On the other hand, although Synge might be  accused of being partial to man, of taking the responsibility from man’s shoulders and putting it upon the universe. Yet, there are also clues about Synge’s reliance upon the free will as he seems to have the idea that “a man’s will is apparently under the control of his mind and this means that if the other powers around him are in a momentary equilibrium, he can act freely” (Miller, 21). However, in Riders to the Sea, there is not a balance that enables the characters to be subject to their free will rather than the universe. They are simply victims of the nature. Therefore, the reflection of Synge’s idea in Riders to the Sea is that the responsibility completely belongs to the universe, rather than man’s power of creating his own destiny. The paradox that it is whether the power of the universe or the free will that constitutes the plots of our lives is, to some extent, solved in Synge’s play Riders to the Sea, as it appears that the responsibility belongs to the universe, rather than man’s conscious.

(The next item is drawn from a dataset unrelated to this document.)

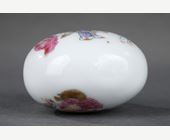 Snuff Bottles : Chinese porcelain snuff bottle decorated with the eighteen Lohan  - Chinese circa 1821/1850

            In conclusion, being a perfect one-act tragedy, Riders to the Sea can be read by taking the dramatic Irish peasant life, the identity search of the marginalized Irish people, and most importantly, the paradox of free will and natural forces into consideration. It is showed that Synge’s understanding of man’s place in the universe can be said to be mostly depended on the nature. Although his characters are trying to be free of their faith, there is always an incline towards the path of the faith and this incline makes them the vulnerable victims of the universe, as it is seen in the play. It is Synge’s success that he deals with the concrete environment of the Irish peasants and as well as one of the most important and constant problems of mankind.